2. The attenuator of claim 1 wherein said at least one tuning element
comprises a plurality of screws accessible from an external surface of
said waveguide to allow adjustment of the portion protruding into said
waveguide.
3. The attenuator of claim 1 wherein said terminating load is arranged to
absorb the non-reflected portion of the received signal by dissipating the
signal as heat.
4. The attenuator of claim 1 wherein said circulator comprises a latching
circulator arranged to have signals received at said input port
selectively routed directly to said output port or said intermediate port.
5. A cascaded attenator arrangement comprising at least a first and second
attenuator, each attenuator being of the type recited in claim 4, the
second attenuator having an input port connected to the output port of the
first attenuator, wherein the level of the second attenuator can be
selectively controlled by switching the latching of each circulator to
customize the overall amount of attenuation.
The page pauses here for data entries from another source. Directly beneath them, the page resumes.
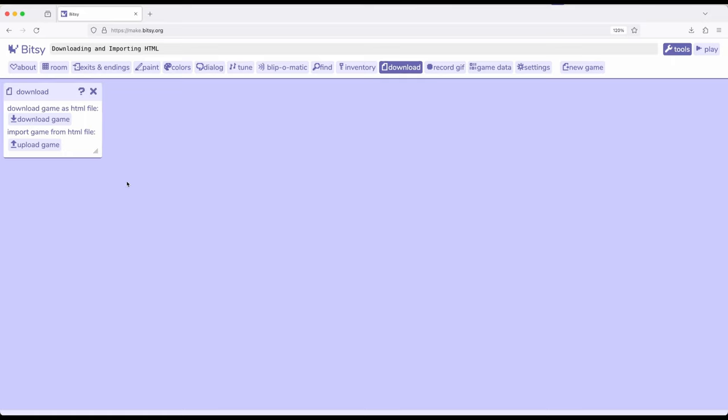Anytime we make a game and we want to play it outside of the editor, we want to send it to someone or post it to a website, we need to download the game as an HTML file. HTML stands for hypertext markup language. We don't really need to know what the language does other than it's a file web browsers can understand.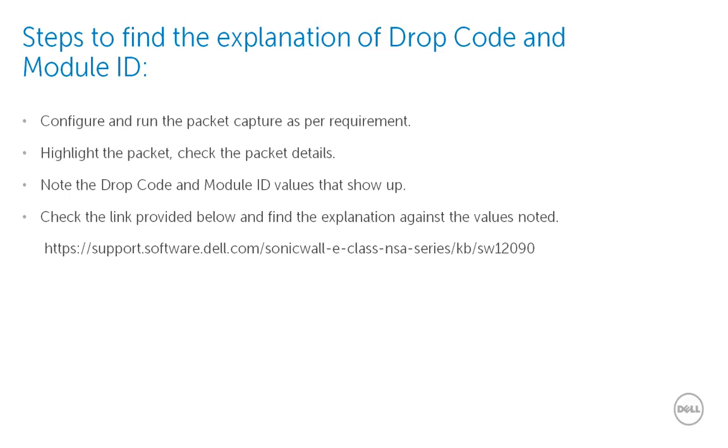In this video, we will demonstrate how to find the module ID and the drop code for packets, how to find the explanation for the drop code using the version of the firmware that is uploaded on the firewall, and finally, using the explanation of the module ID and the drop code in diagnosing certain problems.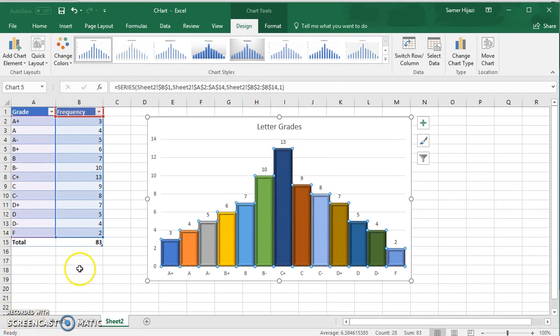Look for the other video where we're going to create the histogram from a data set using data analysis tool in Excel.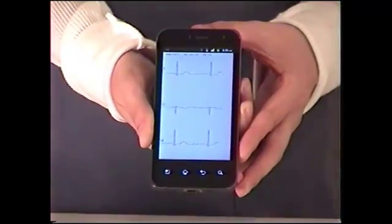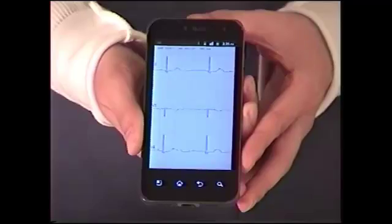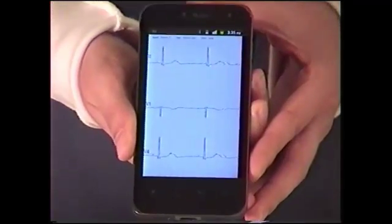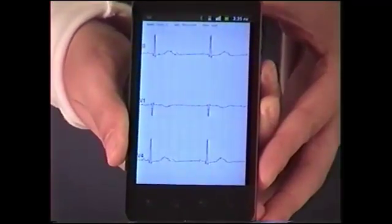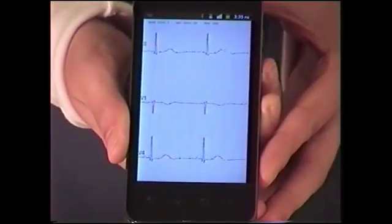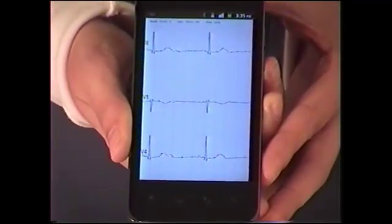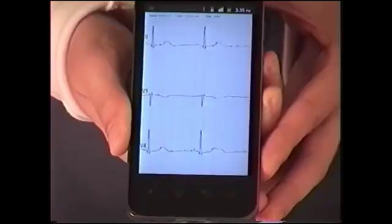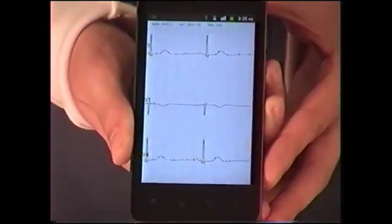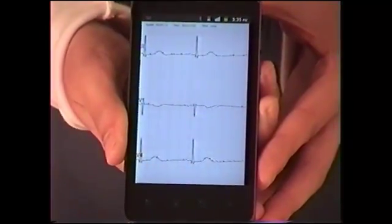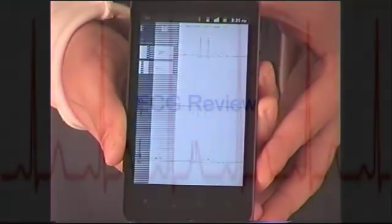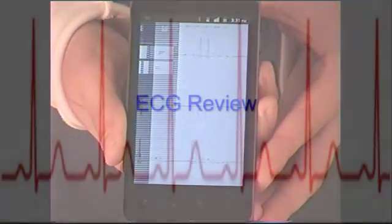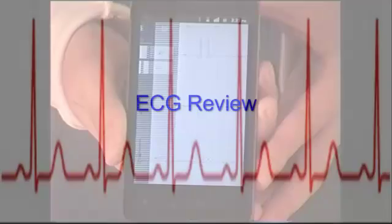As you can see, we are collecting an ECG to our Android phone. Although it is displaying three leads, so as not to cramp the screen, we are going to collect all 12 leads of data, which we will display when we review the ECG.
6. A method for attenuating signals in a communication system comprising:
passing received signals to a circulator for routing of the received
signals into a transmission line comprising a waveguide;
reflecting a predetermined portion of the received signals within the
transmission line back to the circulator for routing to an output port by
selectively adjusting the protrusion of at least one adjustable turning
element into the waveguide; and
absorbing the non-reflected portion of the received signal in a terminating
load.
7. A method for attenuating signals in a communication system comprising
the step of cascade connecting a plurality of attenuators together in
series, each attenuator formed according to the method recited in claim 6,
each attenuator having a latching type circulator, said method further
comprising selectively switching the latching state of each circulator to
change the overall amount of attenuation provided by the cascade connected
attenuators.
8. The method of claim 6 wherein absorbing the non-reflected portion of the
received signal comprises dissipating the signal as heat.
9. A variable and switchable attenuator comprising;
a latching circulator having an input port for receiving a signal, an
intermediate port, an output port for outputting an attenuated signal, and
a switching means for selectively routing signals received at said input
port to either said intermediate port or said output port, and routing
signals received at said intermediate port to said output port;
a section of transmission line comprising a waveguide intermediate port and
a second end coupled to a terminating load, said transmission line
transmitting signals routed to said intermediate port toward the second
end of the transmission line; and
at least one variable tuning element coupled to said transmission line,
said tuning element comprising a tuning element variably extendable within
said waveguide for reflecting a predetermined amount signal passing
through the waveguide back toward the first end wherein the reflected
portion of the received signal is routed by the latching circulator to
said output port, and the remaining portion of the received signal is
absorbed by the terminating load.
10. The attenuator of claim 9 wherein said switching means comprises means
for reversing a magnetic field within said circulator.
Description
TECHNICAL FIELD
The present invention generally relates to attenuators for use in microwave
communications, and more particularly to a tunable, variable attenuator
which is capable of use in high power applications.
BACKGROUND ART
Waveguide attenuators for use in satellite/microwave communications are
generally constructed using lossy dielectric fins positioned to penetrate
into a waveguide parallel to the electric fields to reduce the energy
level of a signal at the output of the attenuator. These fixed or flap
type attenuators suffer from several drawbacks. For example, known
variable attenuators are typically long and heavy, especially when made to
be tunable. Further, because the lossy dielectric fins are suspended in
the waveguide cavity, the fins can not be provided with a suitable
heat-sink arrangement. As a result, power handling capabilities are
substantially limited by poor thermal conductivity characteristics of the
lossy dielectric fins which must absorb portions of both incident and
reflected power signal to effect the desired attenuation. Thus, such
attenuators can not be employed in high power applications.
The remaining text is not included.